On Tue, 29 May 2007, John Elliot wrote:
> On Tue, 29 May 2007, James Andrewartha wrote:
> > John Elliot wrote:
> > > Effect bearing operations can not really be idempotent.
> >
> > You're confusing idempotent with "has no side-effects".
>
> No, I'm not.
>
> > Idempotent means you get the same result if you perform an
> > operation more than once.
>
> I know what it means.
>
> > In this case the result is there being a resource associated
> > with that URI.
>
> I think your statement there clearly betrays your ignorance.
>
> You don't understand what a "resource" is. If you're going to explain
> how things work to me, I'd appreciate it if you would first go to the
> trouble of understanding them.

http://www.ics.uci.edu/~fielding/pubs/dissertation/rest_arch_style.htm

5.2.1.1 Resources and Resource Identifiers

The key abstraction of information in REST is a resource. Any 
information that can be named can be a resource: a document or image, a 
temporal service (e.g. "today's weather in Los Angeles"), a collection 
of other resources, a non-virtual object (e.g. a person), and so on.
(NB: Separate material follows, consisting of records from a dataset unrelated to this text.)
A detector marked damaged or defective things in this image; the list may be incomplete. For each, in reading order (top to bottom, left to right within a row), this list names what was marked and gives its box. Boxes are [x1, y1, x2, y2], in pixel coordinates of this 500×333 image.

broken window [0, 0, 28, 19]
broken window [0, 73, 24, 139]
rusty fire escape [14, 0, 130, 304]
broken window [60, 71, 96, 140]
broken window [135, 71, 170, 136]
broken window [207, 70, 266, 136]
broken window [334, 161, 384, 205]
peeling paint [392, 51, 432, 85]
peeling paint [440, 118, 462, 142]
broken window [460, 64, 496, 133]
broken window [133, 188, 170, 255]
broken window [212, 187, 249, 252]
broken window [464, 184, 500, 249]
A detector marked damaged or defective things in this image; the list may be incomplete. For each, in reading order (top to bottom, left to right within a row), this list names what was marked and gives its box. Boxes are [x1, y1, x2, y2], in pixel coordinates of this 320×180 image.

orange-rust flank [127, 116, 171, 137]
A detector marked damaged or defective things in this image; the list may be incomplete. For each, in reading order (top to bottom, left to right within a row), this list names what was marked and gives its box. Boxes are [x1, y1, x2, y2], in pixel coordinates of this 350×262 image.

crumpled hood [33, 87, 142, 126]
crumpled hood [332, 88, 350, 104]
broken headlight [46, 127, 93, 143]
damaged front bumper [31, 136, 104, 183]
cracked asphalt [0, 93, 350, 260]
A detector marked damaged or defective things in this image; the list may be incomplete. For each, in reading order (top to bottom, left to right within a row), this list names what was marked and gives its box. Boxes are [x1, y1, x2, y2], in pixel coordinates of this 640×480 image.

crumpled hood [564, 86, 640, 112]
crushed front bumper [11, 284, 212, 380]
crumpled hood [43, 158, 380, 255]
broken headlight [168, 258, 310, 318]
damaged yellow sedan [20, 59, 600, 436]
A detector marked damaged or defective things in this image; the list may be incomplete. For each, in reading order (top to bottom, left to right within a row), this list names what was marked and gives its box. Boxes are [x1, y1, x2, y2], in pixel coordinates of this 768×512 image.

In 
other words, any concept that might be the target of an author's 
hypertext reference must fit within the definition of a resource. A 
resource is a conceptual mapping to a set of entities, not the entity 
that corresponds to the mapping at any particular point in time.

More precisely, a resource R is a temporally varying membership function 
MR(t), which for time t maps to a set of entities, or values, which are 
equivalent. The values in the set may be resource representations 
and/or resource identifiers. A resource can map to the empty set, which 
allows references to be made to a concept before any realization of 
that concept exists -- a notion that was foreign to most hypertext 
systems prior to the Web [61]. Some resources are static in the sense 
that, when examined at any time after their creation, they always 
correspond to the same value set. Others have a high degree of variance 
in their value over time. The only thing that is required to be static 
for a resource is the semantics of the mapping, since the semantics is 
what distinguishes one resource from another.